On nous révélait, il y a deux semaines, qu’un groupe de joueurs pathologiques avait intenté un recours collectif à l’endroit de Loto-Québec, soutenant que la dépendance au jeu d’environ 119 000 individus serait attribuable aux terminaux de la société d’État.
Pour être direct, cela me semble tout aussi incongru que l’idée selon laquelle les armes à feu ou encore leurs concepteurs sont responsables de meurtres plutôt que ceux qui les manient, ou encore que les voitures devraient être blamées pour les excès de vitesse de leurs conducteurs.
Un des arguments communément soulevé par ces joueurs compulsifs est que Loto-Québec n’a pas suffisamment fait d’efforts pour avertir les usagers du risque d’accoutumance au jeu. Pour poursuivre mon analogie bidon, c’est l’équivalent de la succession d’un coureur automobile décédé au cours de ses fonctions qui poursuivrait l’écurie en prétextant que celle-ci ne l’avait pas averti qu’il peut être dangereux de filer à tombeau ouvert dans ce qui n’est déjà qu’un cercueil sur roulettes.
Ayant donné voix à cette opinion, on m’a déjà répondu que la comparaison était invalide, que le coureur automobile, lui, est un professionnel qui gagne sa vie avec son occupation.

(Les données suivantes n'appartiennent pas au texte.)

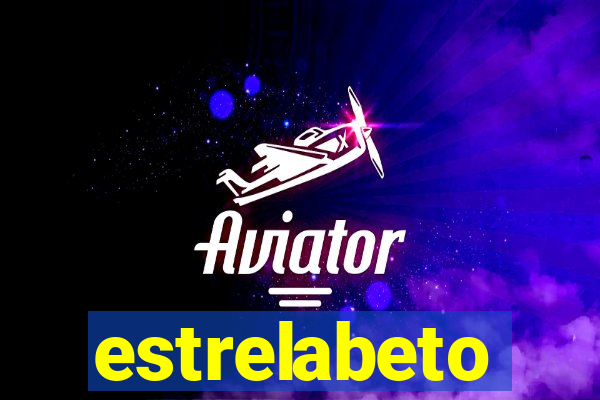 estrelabeto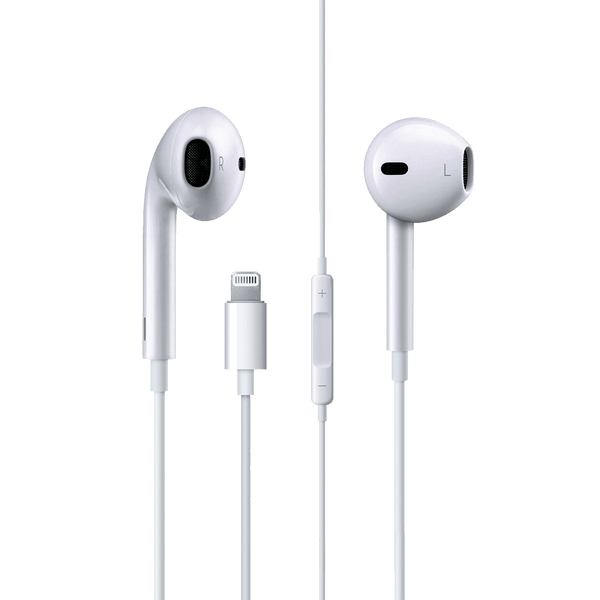 Ronin R-825 iOS Handsfree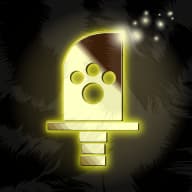 MH伙伴荒野下载 v1.5.0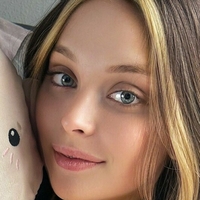 Asya Little Nøgen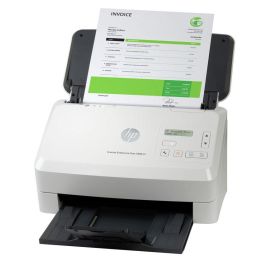 HP ScanJet Enterprise Flow 5000 s5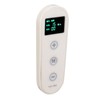 Pulse Beauty Face Cover Machine Portable Improve Blood Circulation Micro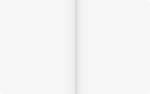 BRUNNEN Schulheft Quart Lineatur 30 40 Blatt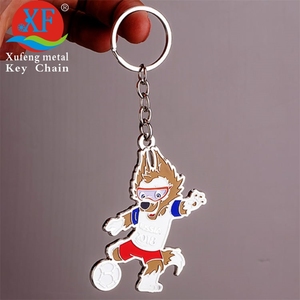 En gros personnalisé conception bas <span class=keywords><strong>prix</strong></span> 3d <span class=keywords><strong>coupe</strong></span> <span class=keywords><strong>du</strong></span> <span class=keywords><strong>monde</strong></span> <span class=keywords><strong>de</strong></span> <span class=keywords><strong>football</strong></span> réfrigérateur aimant souvenir - Product Image 6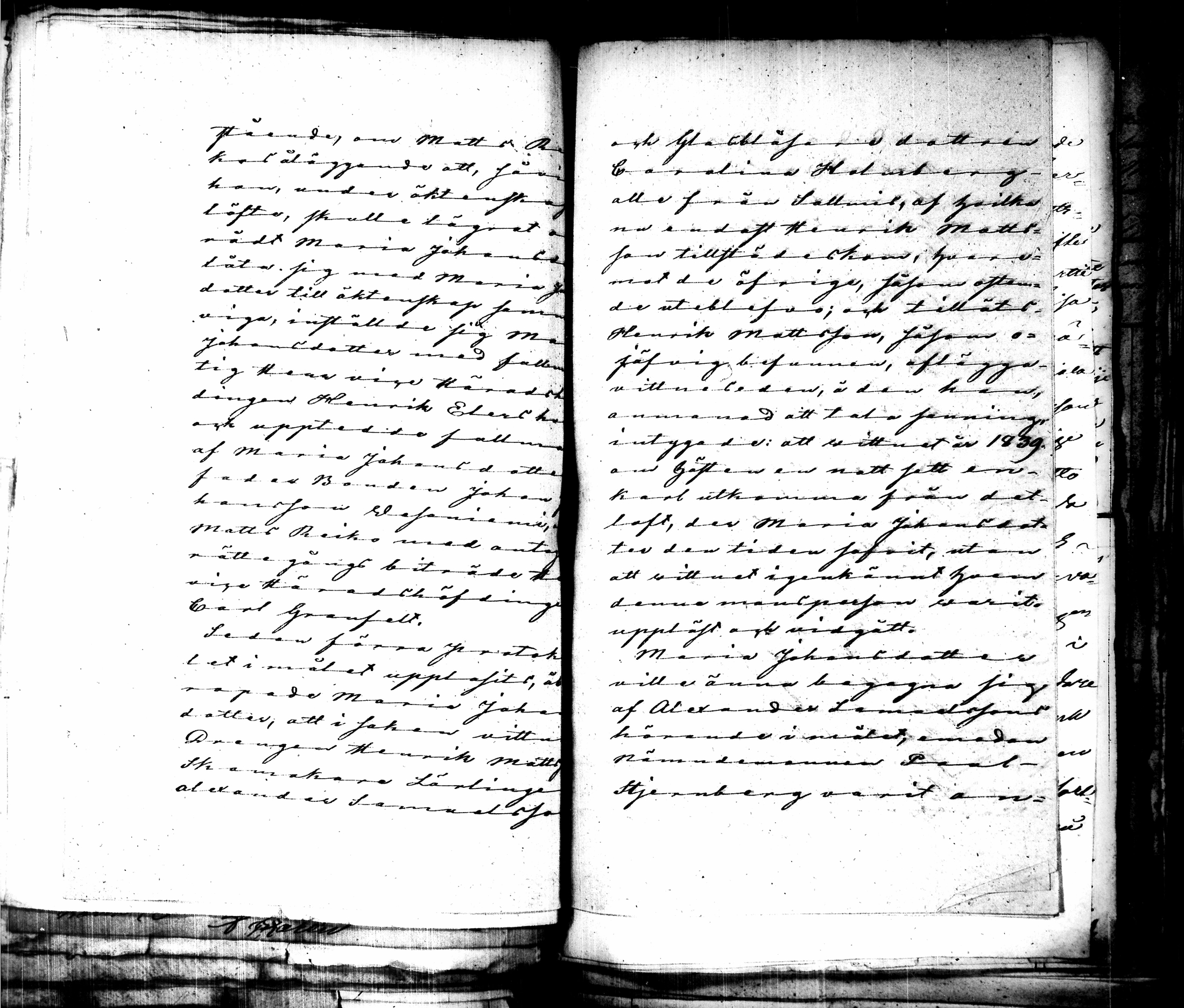 [ kuvat/210.jpg ]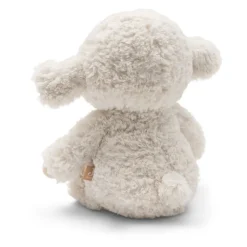 Knuffel schaapje Sonny
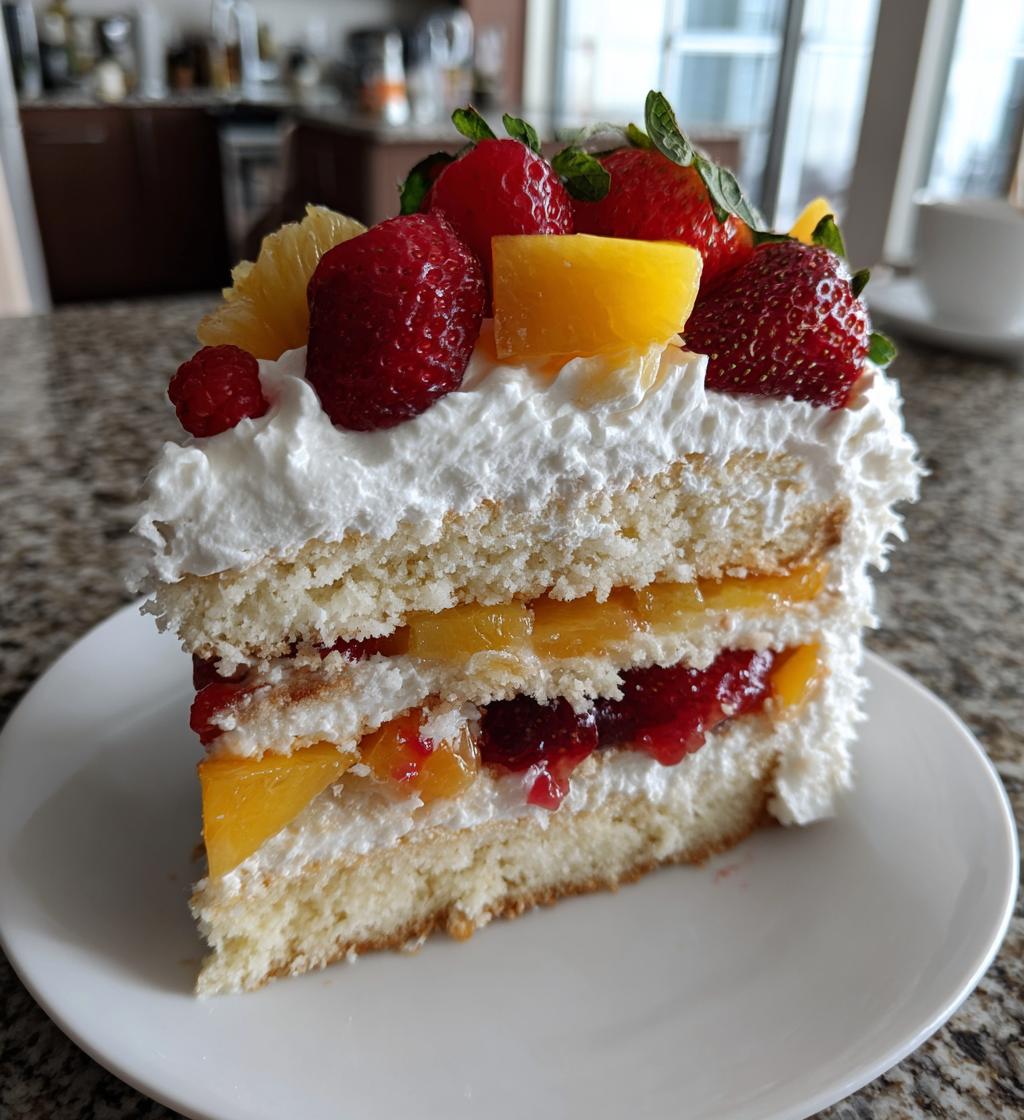holiday recipe ideas
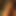 Spaceballs12345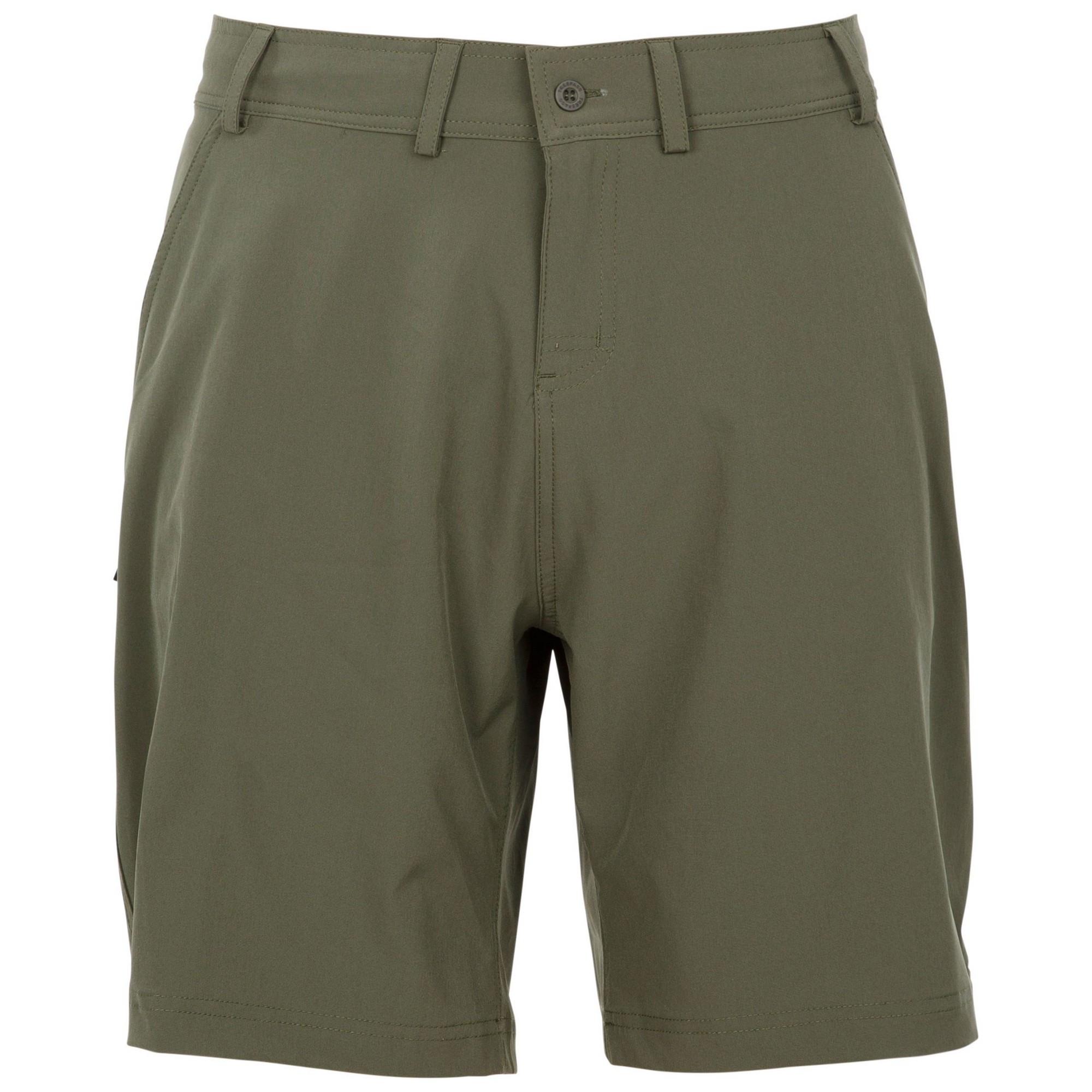 Trespass Grittleton Shorts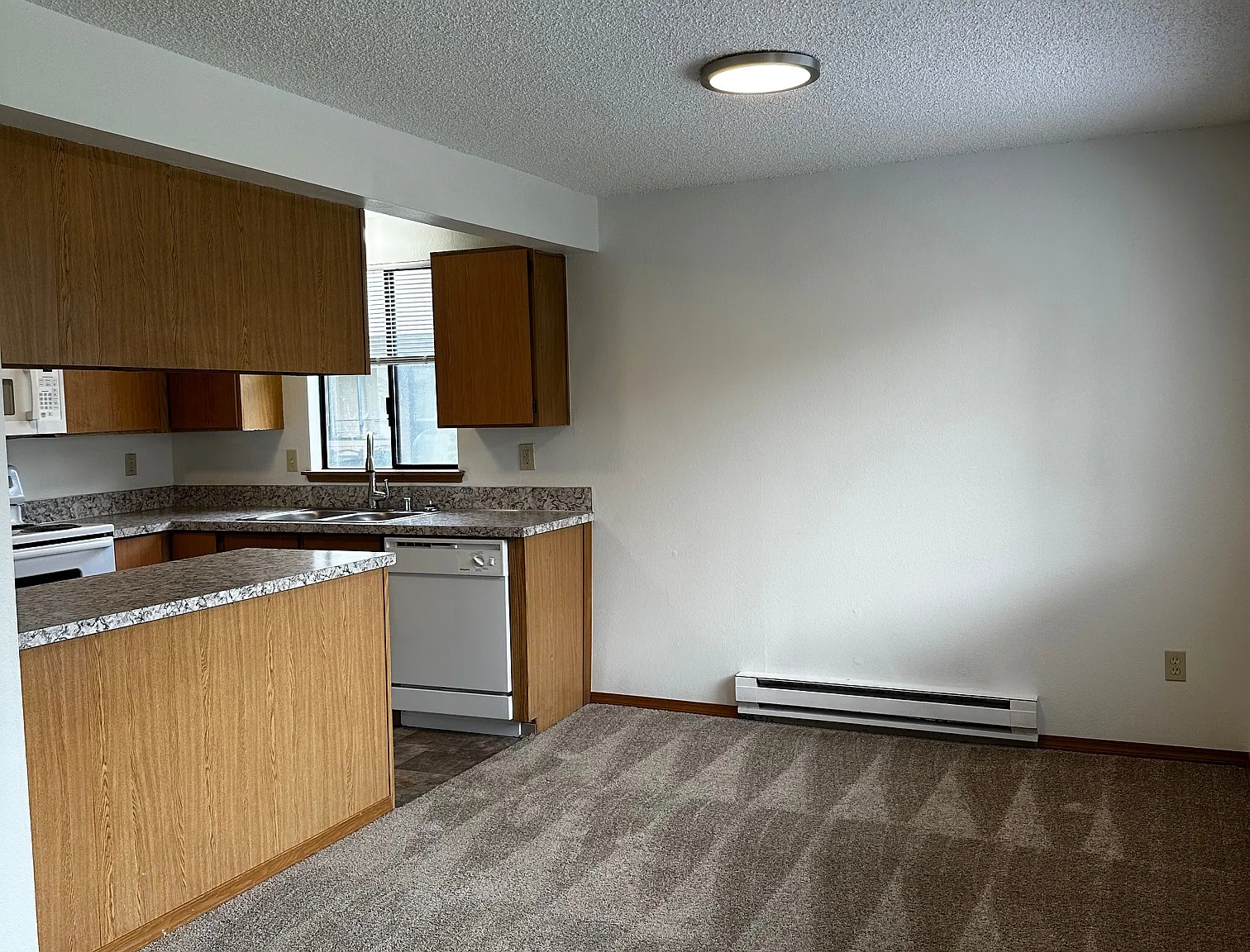 Northwood Apartments — Photo 3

Justement. Le jeu, quoique récréatif, peut aussi être un gagne-pain bien particulier. On prend un risque calculé, on compromet une petite somme pour l’évanescente probabilité de remporter un lot gargantuesque. On perd toujours plus qu’on gagne et on espère que la chance nous sourira avant d’avoir trop dépensé. Les individus raisonnables s’arrêteront après avoir gagné ou perdu quelques dizaines de dollars.
Tout va bien jusqu’ici, sauf que nous, hommes et femmes, sommes des créatures paresseuses et avares. Certains verront donc dans le jeu l’appât du gain facile, le chatoiement des pièces d’or, tout comme d’autres décident d’investir dans une arnaque pyramidale quelconque ou encore d’envoyer des milliers de dollars à un prince nigérien qui doit soudoyer les autorités dans le but d’accéder à sa fortune et ensuite renvoyer ici quelques millions pour services rendus.
Ces personnes décident donc de miser tout leur argent, leurs possessions, leur famille, leur vie. Certains d’entre eux gagneront une grosse somme, de plusieurs dizaines de milliers de dollars ou encore plus, et décideront que ce n’est pas assez, qu’ils veulent continuer jusqu’à l’infini et plus loin encore. Bien sûr, il y aura rarement une deuxième fois.
Mais pas d’inquiétude. Si, à la fin, ils n’ont pas réussi à faire LA passe de cash, c’est simple: il n’y a qu’à blâmer le gouvernement. Je les entends se plaindre: «Le gros méchant loup a voulu m’accoutumer à la victoire en me faisant gagner à quelques reprises, j’aurais vraiment voulu arrêter à ce moment-là, mais le loup tenait un gros revolver chargé directement sur ma tempe et j’ai été forcé contre mon gré à jouer tout ce que j’avais, le beurre, l’argent du beurre, et le cul de la fermière!»
Honnêtement, je n’en peux plus d’attendre la prohibition du jeu. Un peu comme ce junkie qui s’est fait arrêter après avoir appelé la police pour se plaindre qu’un revendeur lui avait fourni de la cocaïne de mauvaise qualité, j’ai bien hâte d’entendre parler de ces joueurs illégaux qui tentent de poursuivre la mafia pour les avoir floués avec des pratiques commerciales déraisonnables.